## DATA SHOWN:
========================================

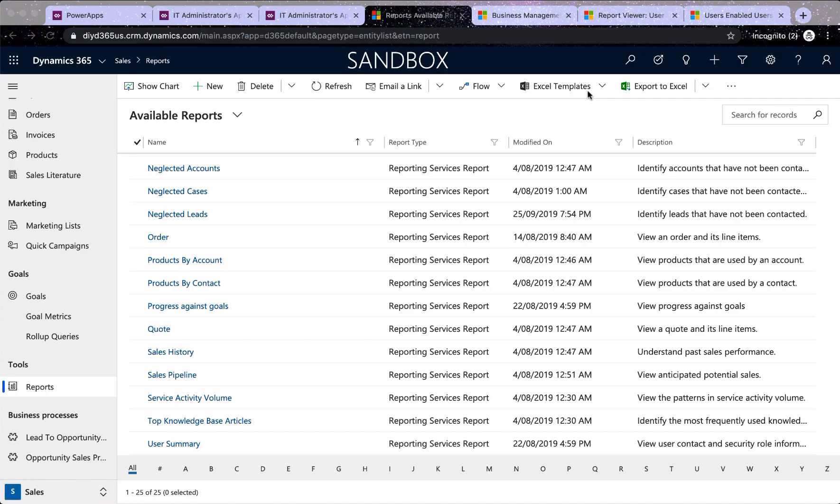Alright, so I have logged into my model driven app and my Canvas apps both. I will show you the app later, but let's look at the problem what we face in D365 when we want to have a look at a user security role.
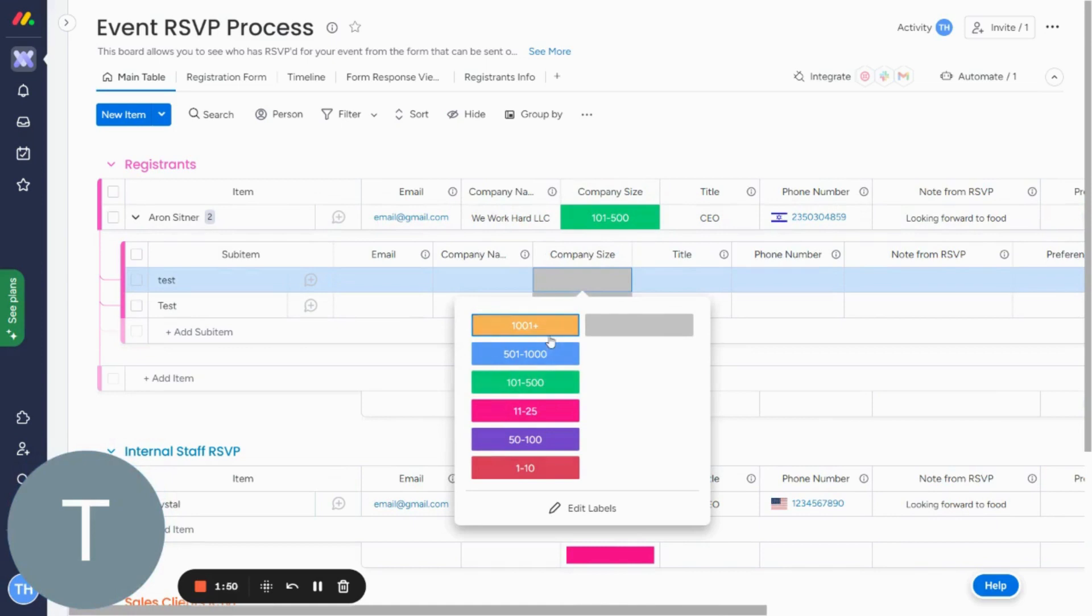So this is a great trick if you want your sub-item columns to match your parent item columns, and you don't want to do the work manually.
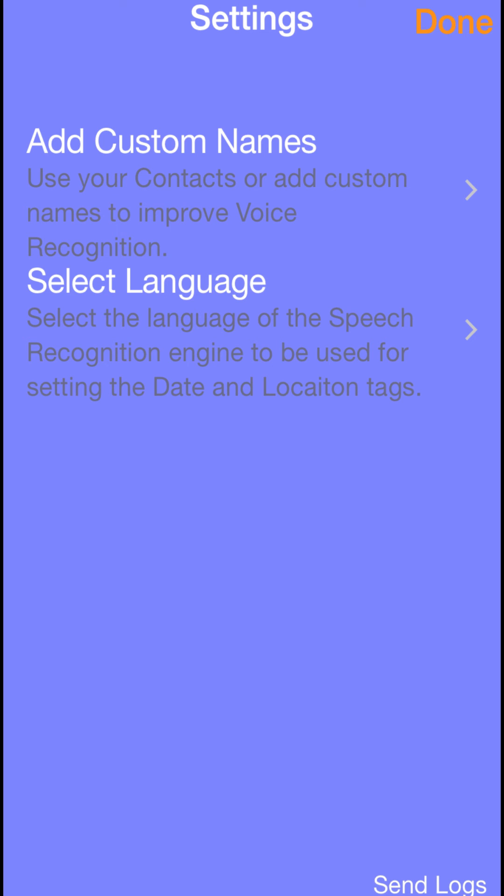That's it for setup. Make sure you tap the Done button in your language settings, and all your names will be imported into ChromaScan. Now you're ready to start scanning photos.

========================================

## WHAT THE EXERCISE ASKS:
Could you write out the whole listing exactly, skipping every picture?

## RESULT FOR THIS TASK:
Alright, so I have logged into my model driven app and my Canvas apps both. I will show you the app later, but let's look at the problem what we face in D365 when we want to have a look at a user security role.
So this is a great trick if you want your sub-item columns to match your parent item columns, and you don't want to do the work manually.
That's it for setup. Make sure you tap the Done button in your language settings, and all your names will be imported into ChromaScan. Now you're ready to start scanning photos.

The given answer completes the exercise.